The Chief Compliance Officer of a money transmitter agreed to pay a $250,000 penalty and a 3-year bar from serving in a compliance function in connection with anti-money laundering compliance failures. As part of his settlement with FinCEN and the U.S. Attorney, the CCO also admitted to failing to stop potential money laundering despite being “presented with information that strongly indicated that the outlets were complicit in consumer fraud schemes” and implementing an inadequate AML program. The settlement concludes the case which had initially imposed a $1 Million fine, which could have been as much as $4.75 Million based on the statutory penalty of $25,000 for each failure to file a Suspicious Activity Report.

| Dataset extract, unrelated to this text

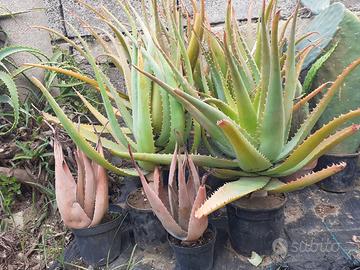 piante carnose e succulenti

The Acting U.S. Attorney explained the decision to prosecute a CCO: “Compliance officers perform an essential function, serving as the first line of defense in the fight against fraud and money laundering.”
OUR TAKE: Compliance officers that assume anti-money laundering duties are subject to prosecution and significant fines by both FinCEN and the DoJ (in addition to FINRA and other financial regulators). Nobody condones the CCO’s conduct in this case, but one question many compli-pros have asked is why has the CCO been singled out for personal liability? Why didn’t the feds pursue the operations folks that vet clients or the senior executives in charge? And, why does the CCO pay a fine when he did not financially benefit from the misconduct?
The SEC commenced an enforcement action against a broker-dealer’s chief compliance officer/anti-money laundering officer for failing to file Suspicious Activity Reports. The SEC alleges that the CCO/AML Officer had actual knowledge of red flags of illegal penny stock trading and money laundering. Such red flags included physical deposits of large blocks of penny stocks followed by rapid liquidation, simultaneous trading in two customer accounts, quick changes in issuer business plans, and clearly misleading company press releases. Also, the SEC maintains that a quick Google search would have raised other red flags including prior enforcement actions and articles alleging pump and dump activity. The SEC accuses the CCO/AML Officer for aiding and abetting and causing his firm’s violations of Rule 17a-8, which requires a broker-dealer to comply with the SAR requirements of the Bank Secrecy Act.
OUR TAKE: The regulators have been keen to impose personal liability on CCOs for violations of the Anti-Money Laundering rules including failures to file SARs. In fact, FinCEN can impose a $25,000 fine on an AML Officer for each failure to file an SAR (See e.g. U.S. Dept of Treasury v. Haider).
FINRA fined a large broker-dealer $16.5 Million for failing to devote sufficient resources to anti-money laundering compliance. According to FINRA, the firm’s AML monitoring analysts were “negatively impacted by the level of resources dedicated by the firm to AML surveillance.” With respect to exceptions generated by an automated system, FINRA claims that the internal staff was overwhelmed: “The number of analysts employed by the firm at any time (ranging from 3 to 5) did not have the ability to adequately review the tens of thousands of alerts generated.” FINRA also faults the firm for mis-programming an automated surveillance system and for over-relying on sales traders to report suspicious AML activities when most order flow came into the firm electronically.
OUR TAKE: The regulators have increasingly examined the level of resources devoted to compliance monitoring as an indication of a firm’s commitment to compliance. While every firm must assess its own needs, firms should spend no less than 5% of revenue on compliance monitoring.